START MATERIALS PROVIDED

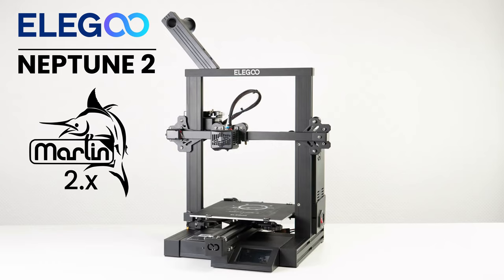But today I wanted to show you some experimentation work I've been doing with my Neptune 2 from Elegoo and how I was able to get Marlin 2 running. A lot of people think the only advantage to Marlin 2 is the ability to use some BLTouch functions that don't exist on the original firmware. There's some other stuff on there that's really cool that I'm going to go over as well.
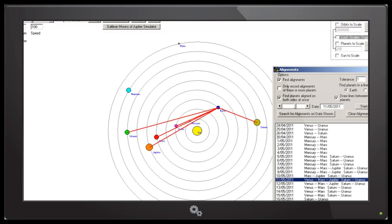The 11th and 12th of May brings a very interesting alignment between the Earth, Venus, Mars and Jupiter, as well as Saturn, Earth and Uranus.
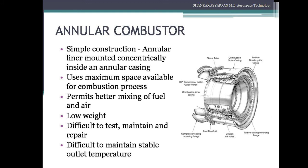Annular combustors are simple in construction, having a liner mounted concentrically inside an annular casing where the combustion process takes place. It looks like a ring-like structure similar to a furnace, which uses the maximum space available for the combustion process within the space between the compressor and turbine, and permits good mixing. The advantage of the annular combustor is low weight compared to can and cannular combustors. The disadvantage is that it is difficult to test, maintain, and repair — if repair is needed, the engine must be dismantled. It is also difficult to maintain a stable outlet temperature because the combustion process in the annular combustor is not as uniform as compared to the can type.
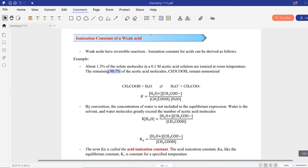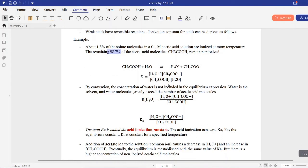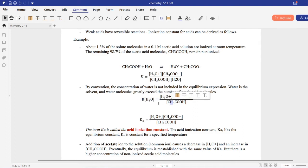If we want to write K, the equilibrium constant, for a weak acid — as we studied before, K is a general term for all reversible reactions that gives us the ratio of products to reactants. For weak acids, there are a couple of adjustments: since H₂O is the solvent, its concentration can be considered constant and cannot change compared to the concentrations of the ions and acid molecules. So we take H₂O out of the K expression, giving us K times H₂O equal to the concentration of hydronium times acetate over the concentration of acetic acid.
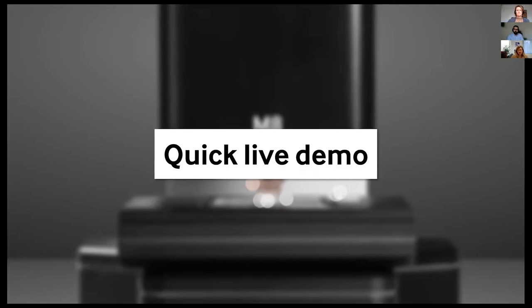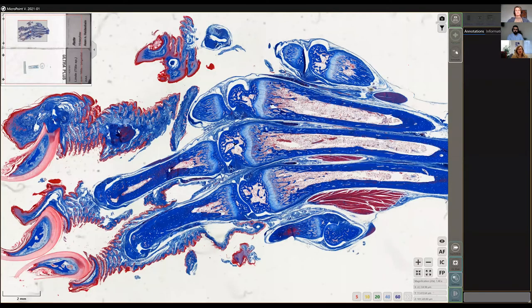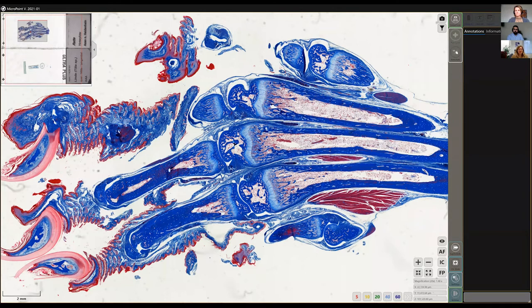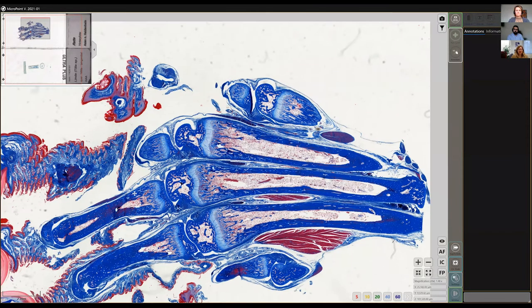I'd like to give you a live demo. I'm sharing my screen to show you the user interface of our digital slide scanner. We have two different main modes: the scan mode, where you create a digital file you can later analyze, and a live mode called Instant Scan. The live mode basically allows you to look at a sample in real time.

END MATERIALS PROVIDED

EXERCISE REQUIREMENTS
Once the line containing "The 11th and" is found, write it out exactly along with every line after it through the end of the listing, excluding pictures.

WRITTEN RESPONSE
The 11th and 12th of May brings a very interesting alignment between the Earth, Venus, Mars and Jupiter, as well as Saturn, Earth and Uranus.
Annular combustors are simple in construction, having a liner mounted concentrically inside an annular casing where the combustion process takes place. It looks like a ring-like structure similar to a furnace, which uses the maximum space available for the combustion process within the space between the compressor and turbine, and permits good mixing. The advantage of the annular combustor is low weight compared to can and cannular combustors. The disadvantage is that it is difficult to test, maintain, and repair — if repair is needed, the engine must be dismantled. It is also difficult to maintain a stable outlet temperature because the combustion process in the annular combustor is not as uniform as compared to the can type.
If we want to write K, the equilibrium constant, for a weak acid — as we studied before, K is a general term for all reversible reactions that gives us the ratio of products to reactants. For weak acids, there are a couple of adjustments: since H₂O is the solvent, its concentration can be considered constant and cannot change compared to the concentrations of the ions and acid molecules. So we take H₂O out of the K expression, giving us K times H₂O equal to the concentration of hydronium times acetate over the concentration of acetic acid.
I'd like to give you a live demo. I'm sharing my screen to show you the user interface of our digital slide scanner. We have two different main modes: the scan mode, where you create a digital file you can later analyze, and a live mode called Instant Scan. The live mode basically allows you to look at a sample in real time.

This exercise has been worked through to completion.